____ GIVEN RECORDS

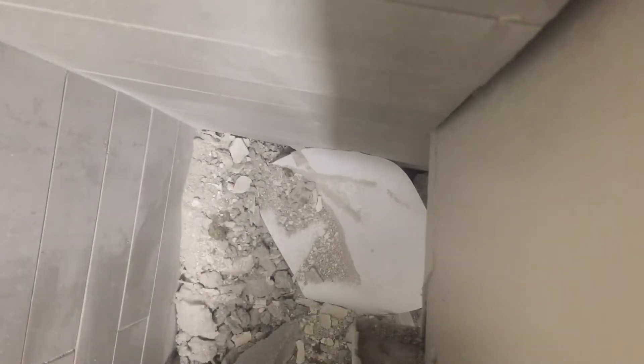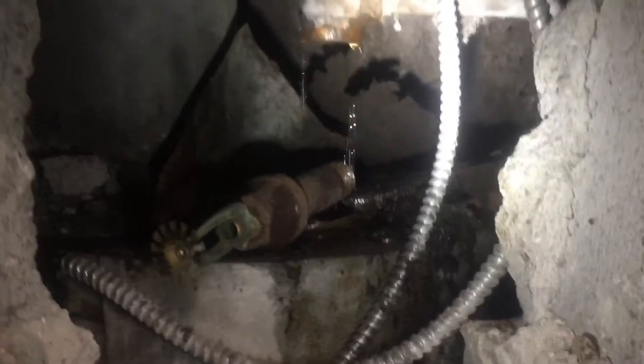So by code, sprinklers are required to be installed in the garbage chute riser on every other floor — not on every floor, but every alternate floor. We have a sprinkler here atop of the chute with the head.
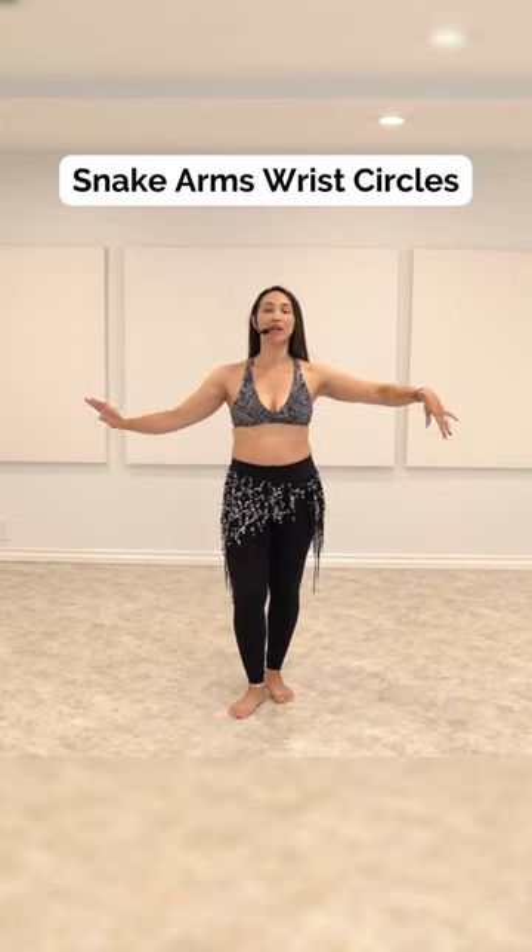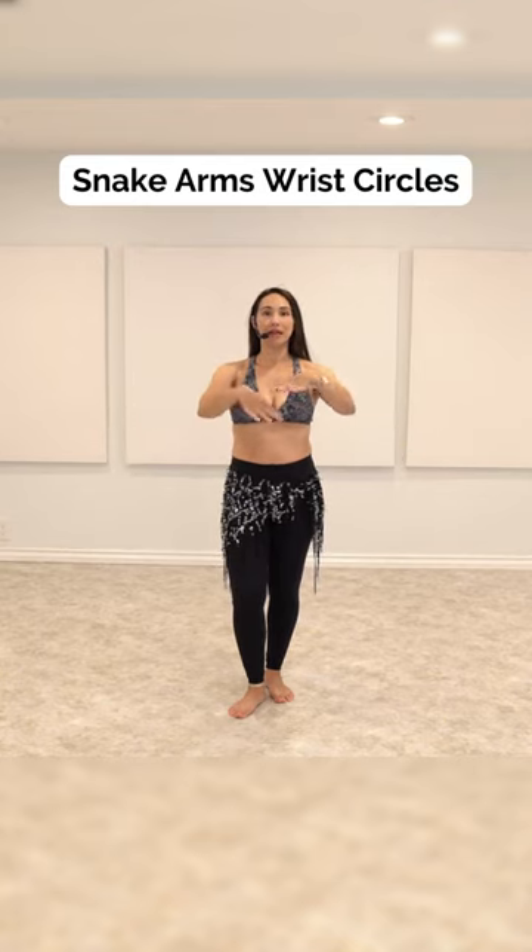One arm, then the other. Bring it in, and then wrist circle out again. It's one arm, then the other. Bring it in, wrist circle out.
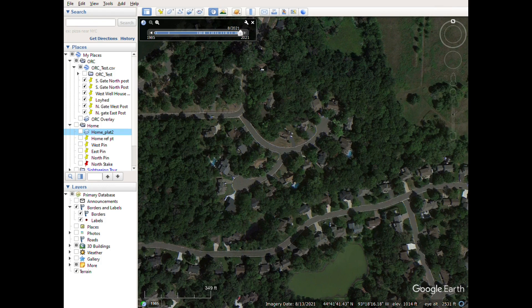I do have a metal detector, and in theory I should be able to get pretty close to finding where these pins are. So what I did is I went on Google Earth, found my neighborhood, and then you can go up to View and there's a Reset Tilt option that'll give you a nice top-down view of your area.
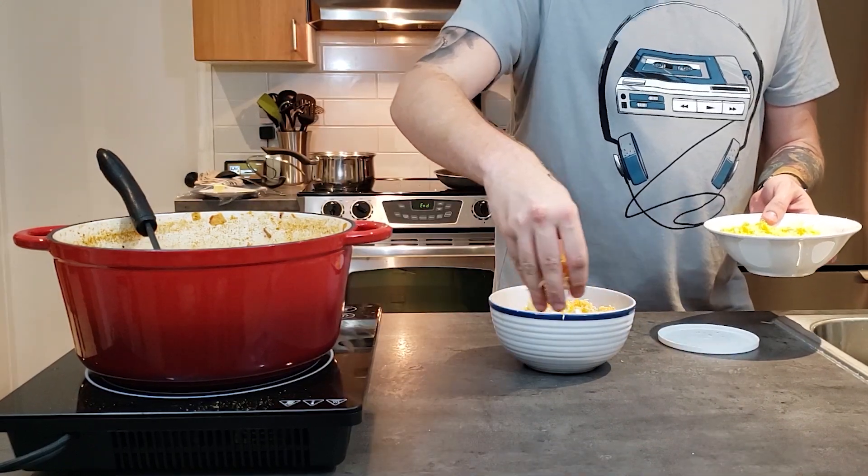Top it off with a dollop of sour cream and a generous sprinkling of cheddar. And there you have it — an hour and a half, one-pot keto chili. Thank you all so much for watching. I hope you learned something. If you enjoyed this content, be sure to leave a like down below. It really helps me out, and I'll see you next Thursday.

________
____ GIVEN RECORDS

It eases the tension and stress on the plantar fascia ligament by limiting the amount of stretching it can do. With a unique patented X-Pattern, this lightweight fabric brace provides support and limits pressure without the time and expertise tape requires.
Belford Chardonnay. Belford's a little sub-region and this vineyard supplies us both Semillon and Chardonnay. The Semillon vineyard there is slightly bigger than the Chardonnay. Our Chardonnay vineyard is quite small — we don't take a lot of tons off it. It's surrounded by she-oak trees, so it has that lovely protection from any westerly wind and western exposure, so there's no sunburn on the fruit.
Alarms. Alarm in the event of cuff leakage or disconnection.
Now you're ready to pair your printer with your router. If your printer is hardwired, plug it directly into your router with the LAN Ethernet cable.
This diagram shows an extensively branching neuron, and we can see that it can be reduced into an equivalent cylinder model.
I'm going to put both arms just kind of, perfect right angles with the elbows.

________

### WORK INSTRUCTION
Set the pictures aside and transcribe exactly the stretch of lines above, beginning with the one holding "So by code, sprinklers" and ending with the one holding "Top it off with".

### EXERCISE OUTPUT
So by code, sprinklers are required to be installed in the garbage chute riser on every other floor — not on every floor, but every alternate floor. We have a sprinkler here atop of the chute with the head.
One arm, then the other. Bring it in, and then wrist circle out again. It's one arm, then the other. Bring it in, wrist circle out.
I do have a metal detector, and in theory I should be able to get pretty close to finding where these pins are. So what I did is I went on Google Earth, found my neighborhood, and then you can go up to View and there's a Reset Tilt option that'll give you a nice top-down view of your area.
Top it off with a dollop of sour cream and a generous sprinkling of cheddar. And there you have it — an hour and a half, one-pot keto chili. Thank you all so much for watching. I hope you learned something. If you enjoyed this content, be sure to leave a like down below. It really helps me out, and I'll see you next Thursday.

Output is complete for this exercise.